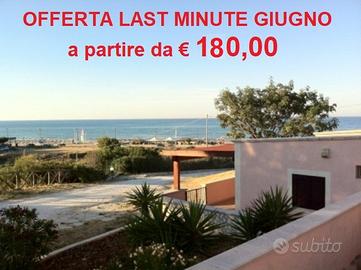 Vieste a 80 mt. Lungomare Europa Vista Mare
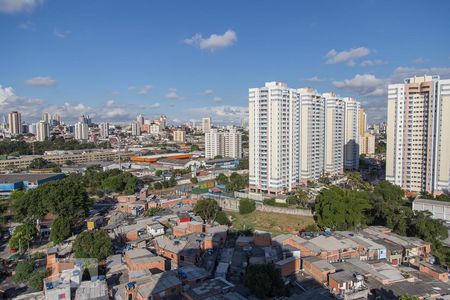 Vista do Quarto 1 de apartamento à venda com 3 quartos, 60m² em Vila Moreira, São Paulo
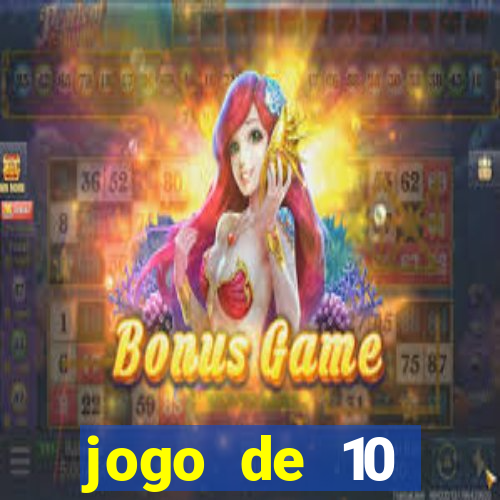 jogo de 10 centavos betano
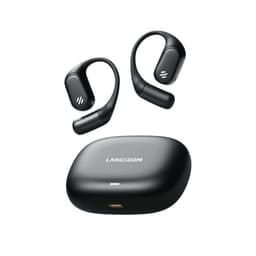 Audifonos Deportivos Bluetooth IPX5 HiFi 36h TE09 Negro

*EXERCISE GOAL:* Print the material above exactly as it appears, but not its pictures.

*RESPONSE TO THE TASK:*
 Vieste a 80 mt. Lungomare Europa Vista Mare
 Vista do Quarto 1 de apartamento à venda com 3 quartos, 60m² em Vila Moreira, São Paulo
 jogo de 10 centavos betano
 Audifonos Deportivos Bluetooth IPX5 HiFi 36h TE09 Negro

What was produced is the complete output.